Wooden Shoes with Spikes
Check out the spikes on these wooden boots! Many immigrants worked during the winter cutting logs and moving them by horse team to a river. As the ice melted in the spring, the logs would move down the river to the sawmill for processing.
Huge piles of logs (log jams) resulted, so lumberjacks, wearing these boots and using long pike poles, would ride on the log jam and try to dislodge the logs from the pile. This was very dangerous work.
The St. Croix Boom Site is a historic and scenic wayside on the St. Croix River in Stillwater Township – about 17 miles south of Scandia. It marks the location of a critical log boom where, from 1856 to 1914, timber from upriver was sorted and stored before being dispatched to sawmills downstream.

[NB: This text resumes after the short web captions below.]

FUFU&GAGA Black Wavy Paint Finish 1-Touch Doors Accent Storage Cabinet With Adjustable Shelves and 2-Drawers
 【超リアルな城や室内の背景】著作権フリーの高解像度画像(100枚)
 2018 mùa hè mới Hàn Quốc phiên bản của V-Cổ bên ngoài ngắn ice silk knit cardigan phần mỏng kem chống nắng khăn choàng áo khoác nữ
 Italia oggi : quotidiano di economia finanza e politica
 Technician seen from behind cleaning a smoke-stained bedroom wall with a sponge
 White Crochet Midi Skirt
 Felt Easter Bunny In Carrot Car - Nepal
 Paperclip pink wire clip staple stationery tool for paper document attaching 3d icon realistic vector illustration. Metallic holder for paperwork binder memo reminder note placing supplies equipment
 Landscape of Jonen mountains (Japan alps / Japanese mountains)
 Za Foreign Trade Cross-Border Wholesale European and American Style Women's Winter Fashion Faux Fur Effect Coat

The St. Croix Log Boom used a series of booms (logs chained end-to-end across the river) to catch timber as it floated downstream. Workers called “boom rats” would wear spiked wooden shoes like the ones in Gammelgarden’s collection.
The workers moved among the booms on catwalks, noting the timber marks stamped on the incoming logs and sorting them into holding pens.
When they had gathered enough of one brand, the boom workers formed them into a timber raft, which a “fitting-up crew” would steer downstream to the correct mill. Some of the mills receiving the timber were as far south as St. Louis.